Humorkritik | November 2007
November 2007
Bayard? Mills!
Vorderhand fällt Pierre Bayards Buch »Wie man über Bücher spricht, die man nicht gelesen hat« (Kunstmann) nicht ins komische oder Humorfach und also nicht in mein Ressort, denn Bayard ist ein topseriöser Pariser Literaturprofessor und Psychoanalytiker, und was man von solchen Kameraden zu halten hat, weiß man ja spätestens seit dem aus Frankreich in den achtziger Jahren eingeschleppten sog. Poststrukturalismus, der gegenüber Witz und Ironie bis dato vermutlich resistentesten aller zwei Millionen geisteswissenschaftlichen Moden der Menschheitsgeschichte. Aber der allgemeine Wirbel um Bayards offenbar ungeheuer revolutionäres und antiautoritäres und damit potentiell wieder eher komiknahes Traktat ließ mich dann doch hineinschauen und die zweihundertzwanzig Seiten schließlich – nein, kein Scherz – komplett weglesen.
Das Buch hat nämlich seine Meriten. Als hoher Herr Professor pausenlos »Bücher zu kommentieren, die ich in den meisten Fällen gar nicht aufgeschlagen habe«, das empört den einen oder anderen deutschen Bildungsspießer und Oberstudienrat sicher auch heute noch auf erfreuliche Weise. Der weitenteils auf den Säulen der Ehrfurcht und Einschüchterung aufsattelnden Großkultur des Lesens und Interpretierens, diesem oft schlicht verblasen-verlogenen, heuchel-beutelschneiderischen »Zwangssystem aus Pflichten und Verboten« die Luft rauszulassen – item das leuchtet mir ein. Und dort, wo Bayard der »allgemeinen Scheinheiligkeit« des Kanonwesens und der ridikülen Bescheidwisserei durch eine leichter Hand skizzierte Typologie des Nichtlesens und gleichwohl eleganten Urteilens über Nichtgelesenes den Boden entzieht, mußte ich ab und an sogar lachen.

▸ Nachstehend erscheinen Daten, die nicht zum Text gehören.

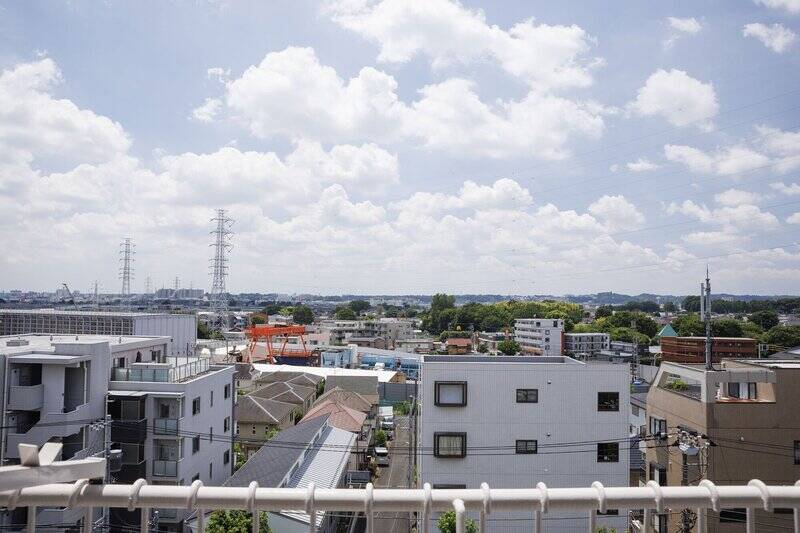 さすが高台に建つ最上階。南西向きのバルコニーからは、広がる空の先に山の稜線を眺められます。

Insbesondere Bayards Würdigung des rotzfrechen »Meisters im Nichtlesen« Paul Valéry will ich recht rühmen. Valéry hatte 1927 in der Académie Française die Nachfolge des verstorbenen Anatole France angetreten und ihn, ohne je ein einziges literarisches Wort von France zur Kenntnis genommen zu haben, in einer Rede, die Bayard ausführlich zitiert, derart hinterfotzig belobigt, daß ich mir angesichts all der espritsatten Schamlosigkeiten und subtilen Invektiven vor Freude fast einen in meiner Bibliothek vergammelnden France-Roman zur Brust genommen hätte. »Einer solchen Dichte an unterschwelligen Beleidigungen begegnet man nicht jeden Tag«, kann auch Bayard sein Vergnügen nicht verhehlen, und ein paar Seiten später resümiert er den Casus mit der nicht minder plausiblen, nonsensartigen Begründung, Valérys Lektüreverfahren sei völlig stimmig, weil es auf einem »fundierten Begriff von Literatur« beruhe, »dessen einer Hauptgedanke sagt, daß nicht nur der Autor, sondern auch das Werk überflüssig ist«.
Allein – der Clou von Bayards barrikadenstürmerischem Buch, das wird halt leider allzu rasch klar, ist kein begrüßenswert ruchloses Plädoyer für Paul Feyerabendschen Relativismus, für eine fröhlich randalierende (Literatur-)Wissenschaft, sondern die altlahme Aufforderung, sich nicht vom »repressiven Bild einer lückenlosen Bildung« beeindrucken zu lassen und statt dessen »in sich selbst die Kraft« zu finden, »seine eigenen Text zu schaffen und zum Schriftsteller zu werden«.
Dann kann man ja Tagebuch schreiben.
Lesen wollte jedenfalls ich die von Bayard inaugurierte Selbstbezüglichkeitsskribenteneierei keinesfalls. Im Gegenteil: Wenn ich denn lese, möcht’ ich – was der Psychoanalytiker Bayard nie verstehen wird – durchaus lieber nicht »mit mir ins Gespräch treten«, sondern, au contraire, Urlaub vom ramenternden Ich machen.
Für welche angenehm entlastende »Erfahrung« (Bayard) die komische Literatur der nach wie vor beste Garant ist. Weshalb ich den nicht mehr ganz aktuellen, vierten Roman von Magnus Mills, »Ganze Arbeit« (Suhrkamp), empfehle. Der ist abermals nahezu genial, den muß man lesen. Allez!